All faster rcnn sample commands of the jupyter notebook are working well.

From my point of view, if I’m trying to summarise the topic:
There was a contention between jupyter notebook port and the tao mounts port, both of them tried to use 8888.
When I changed the port inside the mount file, all jupyter faster rcnn commands started to work OK.

Thanks,

1 Like

Thanks for the info. Appreciate your work!

Thank you for your support!

Now, When I tried to perform the following command:

!tao faster_rcnn prune --gpu_index $GPU_INDEX -m $USER_EXPERIMENT_DIR/frcnn_kitti_resnet18.epoch12.tlt \
           -o $USER_EXPERIMENT_DIR/model_1_pruned.tlt  \
           -eq union  \
           -pth 0.2 \
           -k $KEY

I’m getting the following error:

Invalid decryption. Unable to open file (file signature not found). **The key used to load the model is incorrect**.
2021-11-08 13:30:39,504 [INFO] tlt.components.docker_handler.docker_handler: Stopping container.

I already set the $KEY env variable and I used it successfully for previous sample commands.

Please clarify which key shall I set?

Thanks,

Did you use pretrained model from ngc?
If yes, please make sure the key is correct in the model card.

Yes I’m using the pretrained model from ngc.
I download it using the sample command:

ngc registry model download-version nvidia/tao/pretrained_object_detection:resnet18
cp pretrained_object_detection_vresnet18/resnet_18.hdf5 $LOCAL_EXPERIMENT_DIR
rm -rf pretrained_object_detection_vresnet18
ls -rlt $LOCAL_EXPERIMENT_DIR

Please clarify what is the model card?

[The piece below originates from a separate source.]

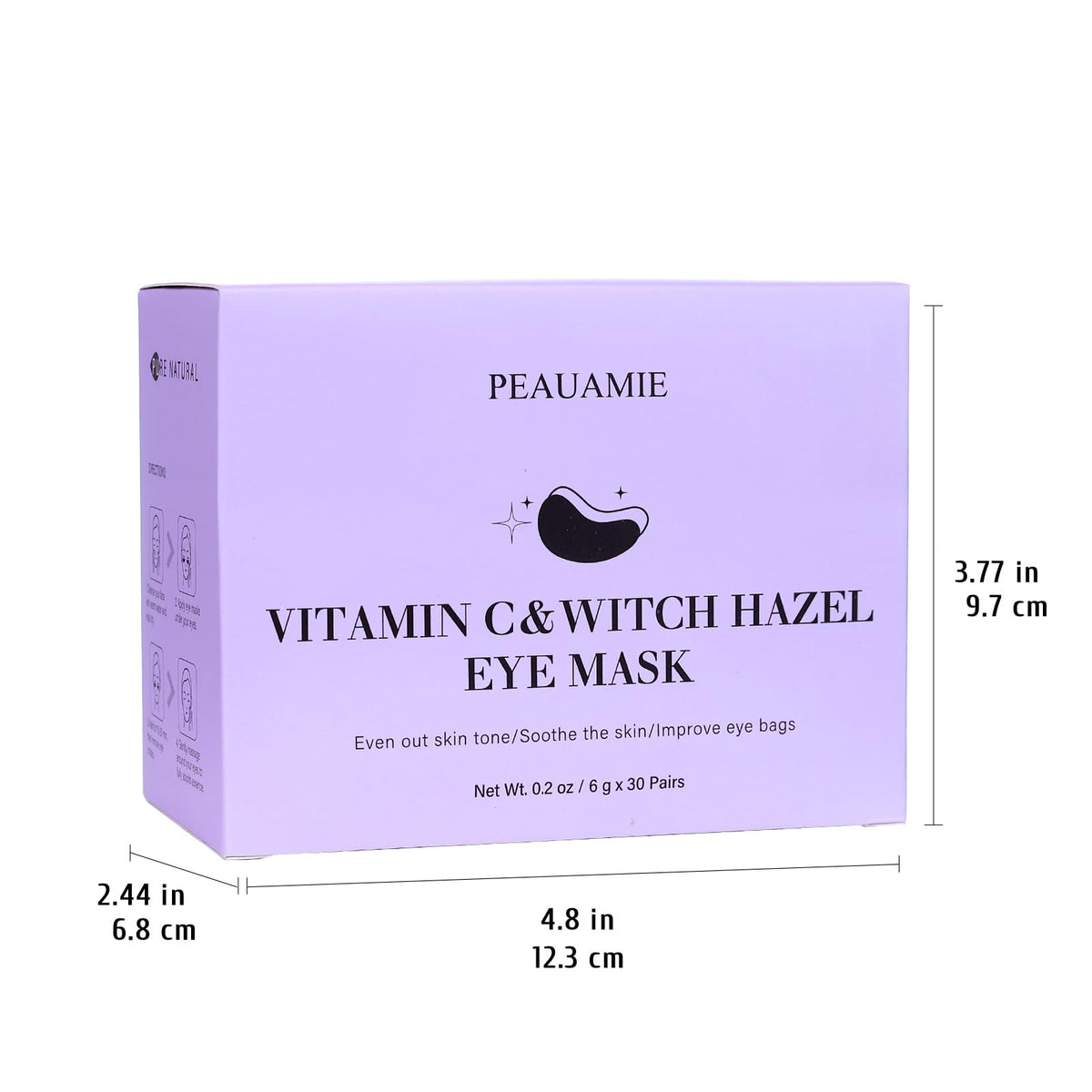 PEAUAMIE lifestyle image in bathroom indicating evening relaxation use
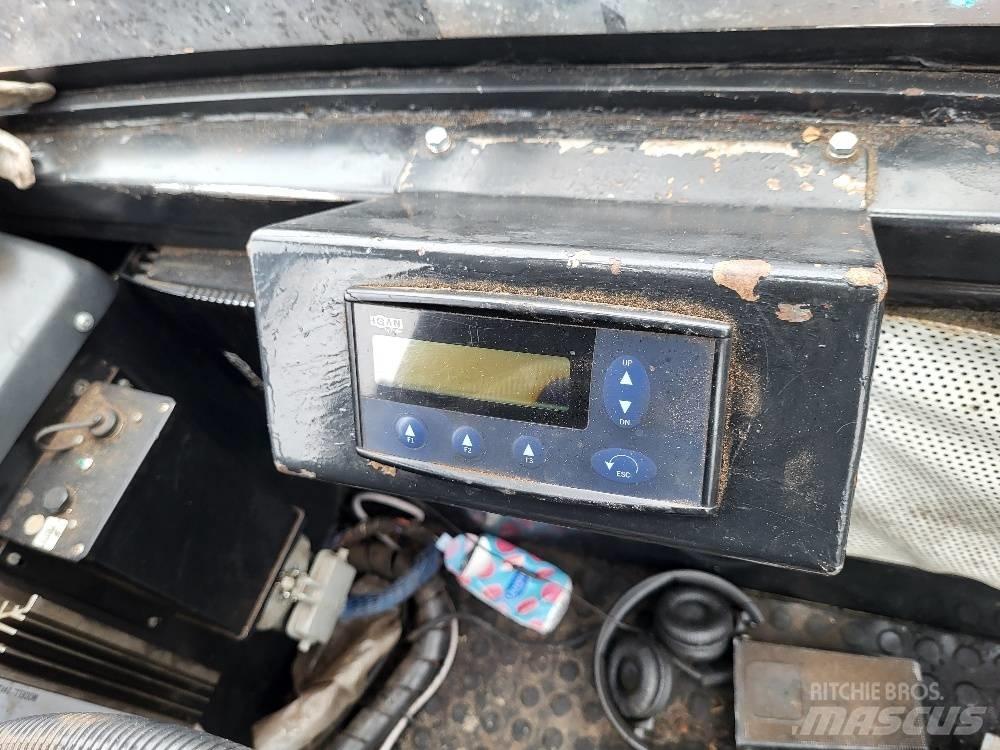 Preuss 8110 Vyvážecí traktory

How I know which key is the correct one?

OK, what you downloaded is a hdf5 format pretrained model. It is not a purpose-built model. So there is not specific ngc key.
Suggest you to double check the $KEY. It should be the same as the one you trained the model $USER_EXPERIMENT_DIR/frcnn_kitti_resnet18.epoch12.tlt.
More, please make sure $USER_EXPERIMENT_DIR/frcnn_kitti_resnet18.epoch12.tlt is available.

Thanks for the clarification.
I’m using the $KEY which I set to my own key value of my personal NGC account (A very long characters string).
Is it correct to do so?

I saw these commands:

!sed -i 's/$KEY/'"$KEY/g" $LOCAL_SPECS_DIR/default_spec_resnet18.txt
!cat $LOCAL_SPECS_DIR/default_spec_resnet18.txt

Are these commands make the connection between the frcnn_kitti_resnet18.epoch12.tlt file with my $KEY value?

I realised that I didn’t execute them so I will clear all previous training results and first perform these command
which after I will retrain the model.

Am I right?

Thanks,

Yes, the command will replace with your own key. If you did not execute the command, you can check the existing key in the spec file default_spec_resnet18.txt. You can directly use it to run pruning,etc.